Records for the task —

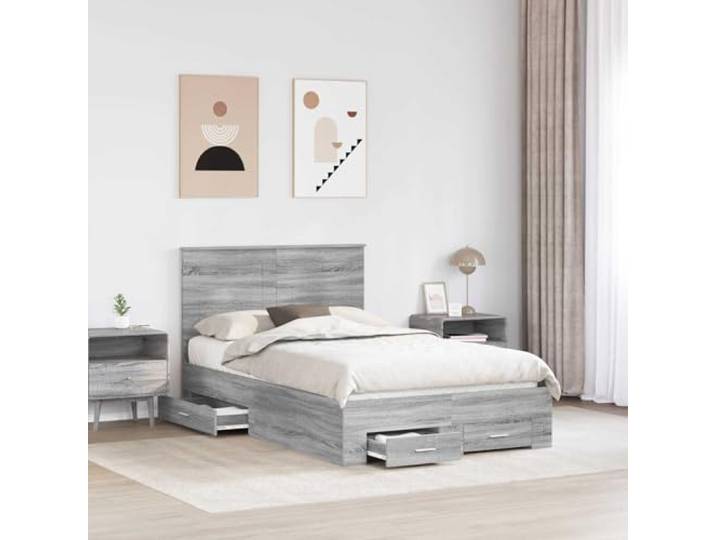SKTQYQO Bettgestell Grau Sonoma 135 x 190 cm Technisches Holz, feste Lattenroste, 2 Schubladen, einfach zu montieren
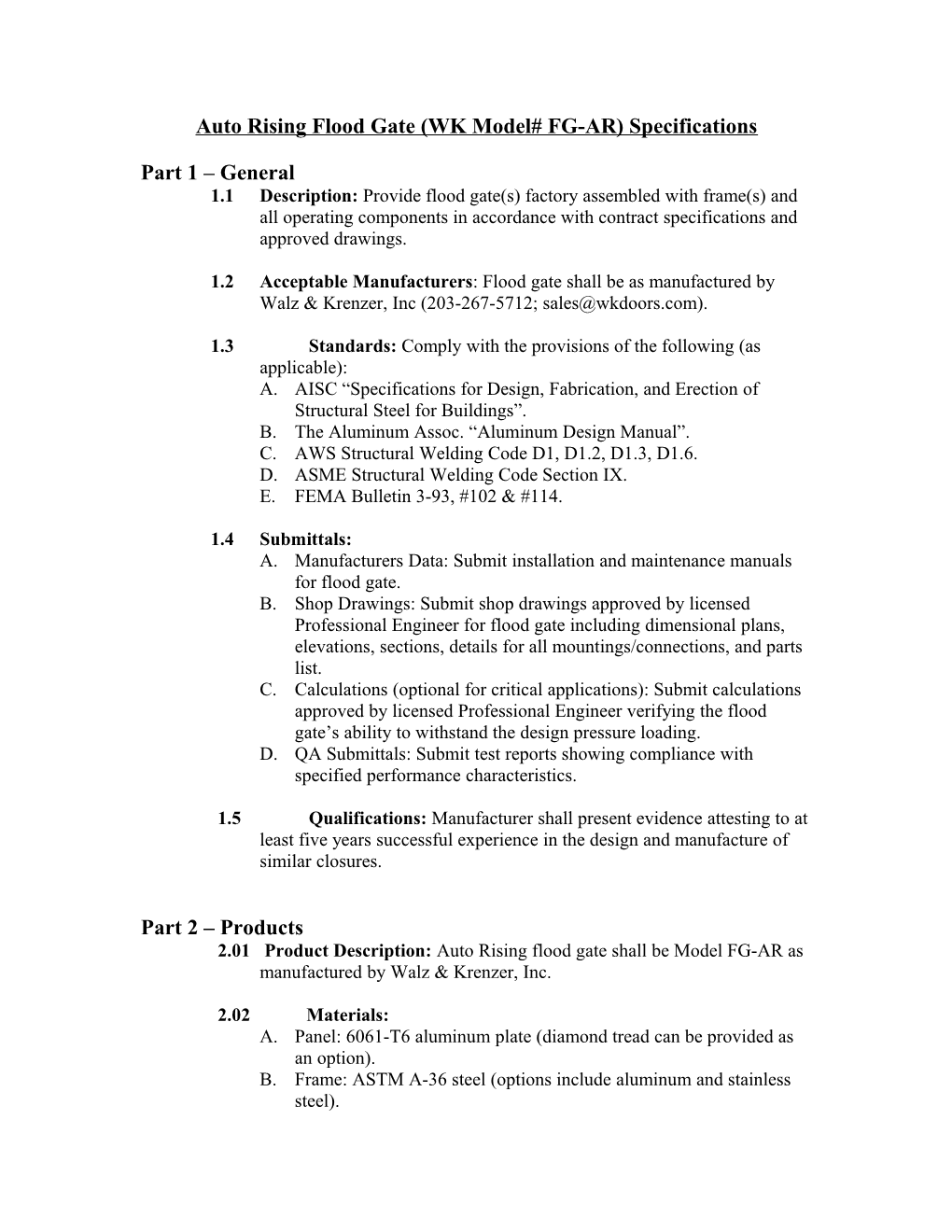 Suggested Specifications for Model Fp-Ls s1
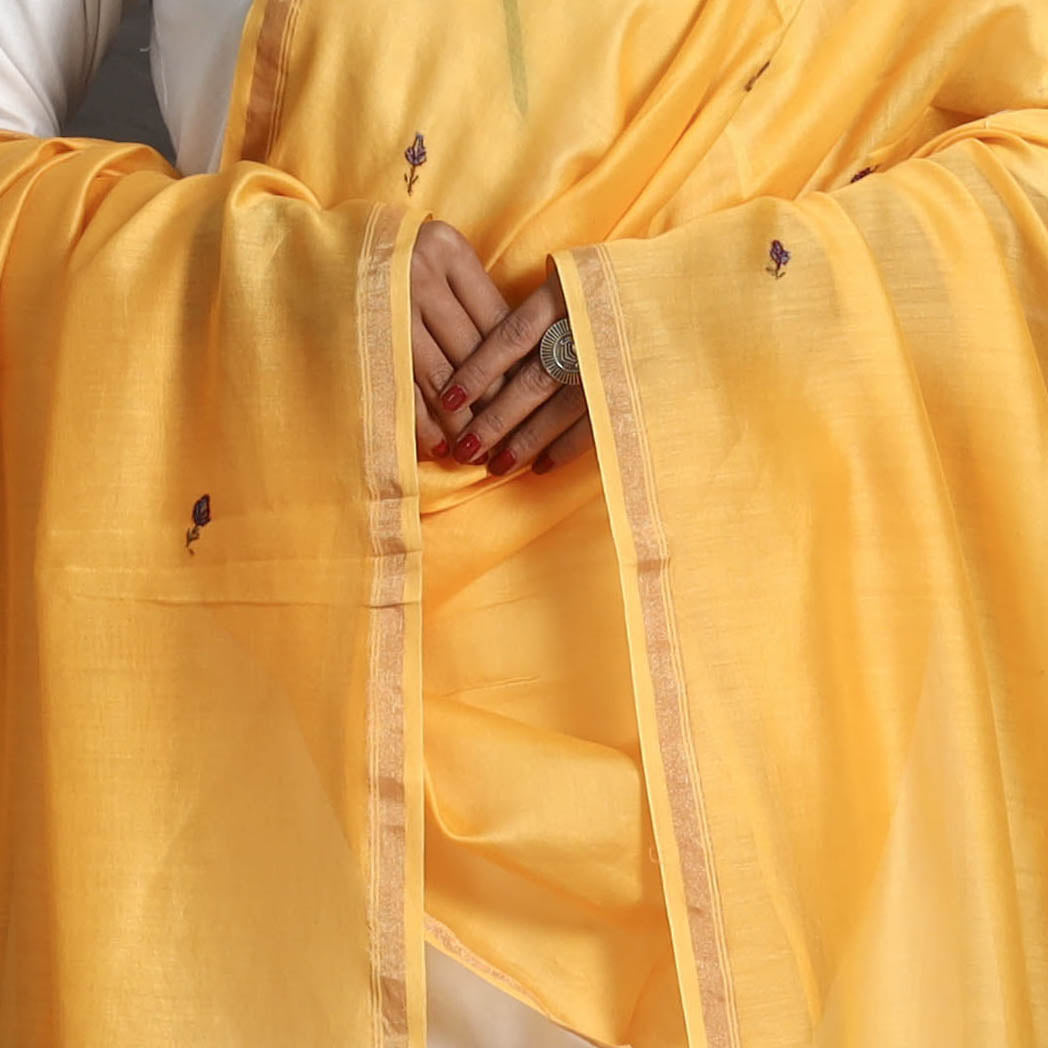 Yellow - handloom chanderi silk kashida embroidery dupatta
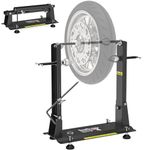 Folding Motorcycle Wheel Balancer & Truing Stand, Heavy-Duty 2-in-1 Tools, Tire Balancer Stand with Adjustable Centering Cones, Wheel Alignment & Balancing Tools for Sport Dirt Bike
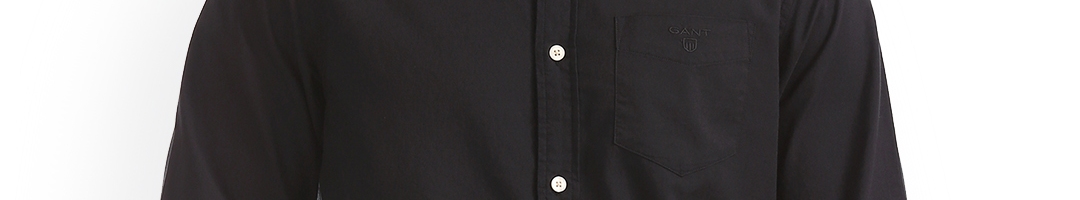 Buy GANT Men Black Regular Fit Solid Casual Shirt - Shirts for Men ...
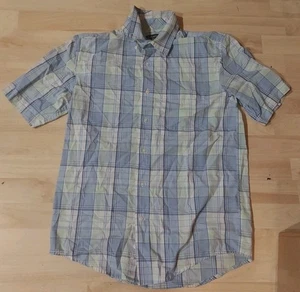 Camisa clásica a cuadros con botones azul manga corta George para hombre talla S (34-36) - Imagen 1 de 1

What you need to do —
Every record above needs to be repeated exactly; pictures are to be left out.

Worked solution —
SKTQYQO Bettgestell Grau Sonoma 135 x 190 cm Technisches Holz, feste Lattenroste, 2 Schubladen, einfach zu montieren
 Suggested Specifications for Model Fp-Ls s1
 Yellow - handloom chanderi silk kashida embroidery dupatta
 Folding Motorcycle Wheel Balancer & Truing Stand, Heavy-Duty 2-in-1 Tools, Tire Balancer Stand with Adjustable Centering Cones, Wheel Alignment & Balancing Tools for Sport Dirt Bike
 Buy GANT Men Black Regular Fit Solid Casual Shirt - Shirts for Men ...
 Camisa clásica a cuadros con botones azul manga corta George para hombre talla S (34-36) - Imagen 1 de 1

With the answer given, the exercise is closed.